He pours without looking up. The bamboo tube drips slowly. Each drop hits the shell, not loud, but steady. The coconut bowl wobbles slightly in its cradle of ash. The boy leans in, but barely touches it. Just enough to keep the rim level.
Off to one side, an old man reaches for the cup. Both hands, small grip. He doesn’t rush.
The others sit still.
We’re on a clearing outside a low hut in Besao, in the hills of Mountain Province. A fire curls thin smoke behind us. Chickens stalk the edge of the trees. Some cassava leaves hang low over the roof’s side. A large basket rests near the door. Inside, camote, still damp.

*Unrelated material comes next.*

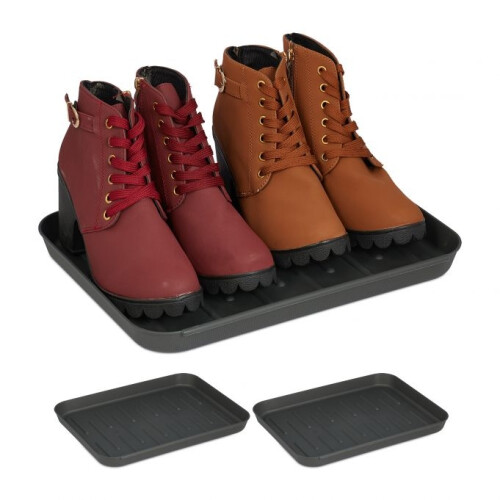Graue Abtropfschale für Schuhe - 3er-Set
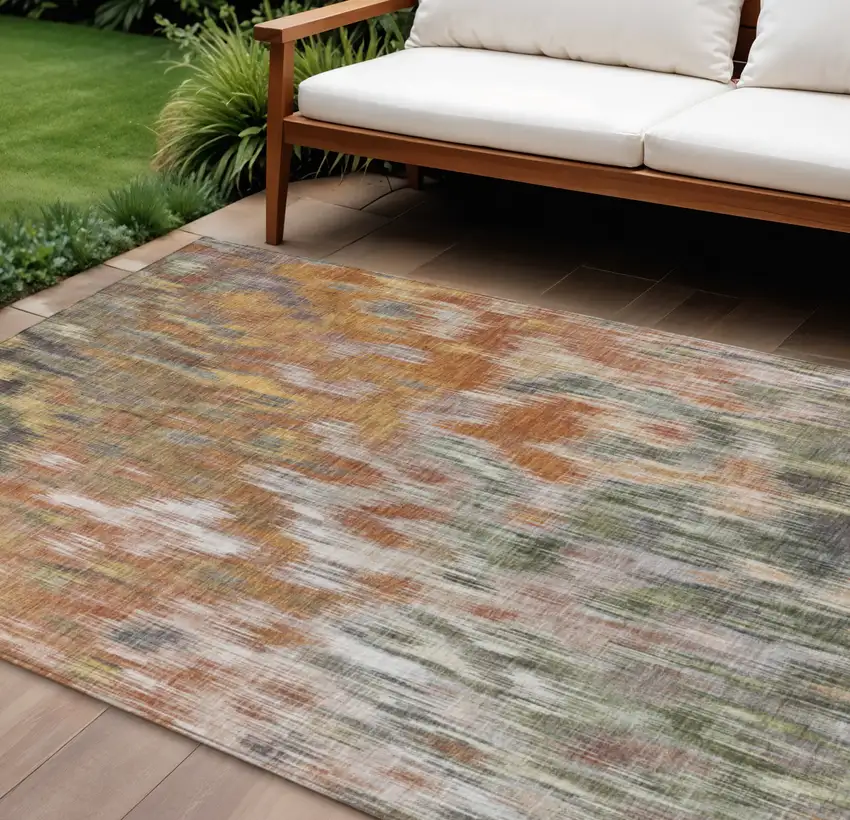 Terra Cotta Brown And Ivory Abstract Washable Indoor Outdoor Area Rug Photo 2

Boiled gabi fills the air. So does clay and ash. But there’s something else — fermented fruit, sharper than vinegar, but quieter. The jar near the boy holds tuba, though no one calls it that loud.
Not roadside tuba. No red cap. No sweetness. This one is pale and sour, with a bite that comes up late. They say it sat for two days in a clay jar, sealed under banana bark and covered in leaf mulch. Not for sale. Not for fun. Someone says only if the ancestors are watching. She speaks without facing me. She is looking toward the ridgeline.
The cup moves clockwise, one drinker to the next. Never passed hand to hand. Always set down. The boy does not drink. He folds a cloth and wipes the rim between turns. He pours carefully. He doesn’t look at the people. Just the shell.
Later, someone tells me his role. The taga-apud. The offerer. He watches. He waits. Only pours, unless invited otherwise. His job is more than pouring. He has to notice things.
When I ask what the silence means — the one that sits across the first few rounds — the boy gives a flat answer.
“So no one lies.”
An old man near him lets out one short laugh. “Or says something foolish.”
No one adds to that.
They drink slowly. No rush. When a cup is finished, it’s placed down flat. Not upside down yet. Not yet done. The boy doesn’t need to be told when to refill. He pours when the signal comes. No glance exchanged.
A woman receives a full shell and pauses. She doesn’t drink. She dips a finger inside. Then touches the ground beside her heel. Only after that does she sip.
“For them,” she says. She means the ones not present.
The others stay quiet. One more drink, one more turn.
It isn’t much liquor, they say. It only lowers the noise inside your chest. That’s how someone puts it. Not slurred talk, not raised voices. Just space.
After maybe eight or nine rounds, one of the older men sets his cup mouth-down on the board. Someone else does the same. The pourer stops. The boy returns to the jar and ties the red cloth over the opening. One knot, pulled slow.
Afterward, there is food. Mostly greens. A broth made from river snails and stalks. Boiled eggplant mashed with salt and garlic. Crisped pork skin, just in patches. Nothing rich. No one calls it a feast. But plates are filled.
I ask the woman again, do they drink this at birthdays?
“In town, maybe,” she says. “People drink for any reason.”
Then she looks at the boy. “But that’s not what this is.”
I ask again what this is, then.
Her answer takes a second.
“Learning. But without talking.”
The boy keeps sitting near the jar, even with the drinking done. His hands are on his knees now. But if someone had asked, he’d still be ready to pour.
They used to drink basi here, she says. Sugarcane wine. Boiled syrup aged with bark. More steps, more waiting. But sugarcane grows thinner now. Tuba became easier. The steps shortened. The rules stayed.
I ask what rules.
She turns her hand upward, as if that’s obvious.
“Don’t drink ahead of your elder. Don’t skip them. Don’t touch the jar if no one asked you to.”
The clay jar has a ridge near its neck. Some say it cracked years ago in the cold. Somebody sealed it with resin. Still pours.
They don’t call this a lesson. They don’t explain much.
But the boy sees who drinks first. Who doesn’t take a second. Who lays the shell gently. Who doesn’t wipe the lip. He sees when a round is ready, and when it’s done. No one tells him to watch. He just does.
Someone near the edge stretches their legs and says this year’s batch went down lighter. The bark was cleaner. Or maybe the spirits left earlier. There’s always someone who says that.
The meal slows. The fire dies out near the cassava. Chickens come close again.
The boy stands. He grips the jar under its neck and walks behind the house. No words follow him. No one tells him what to do.
But they all saw him pour.
And one day, someone will wait while he pours again.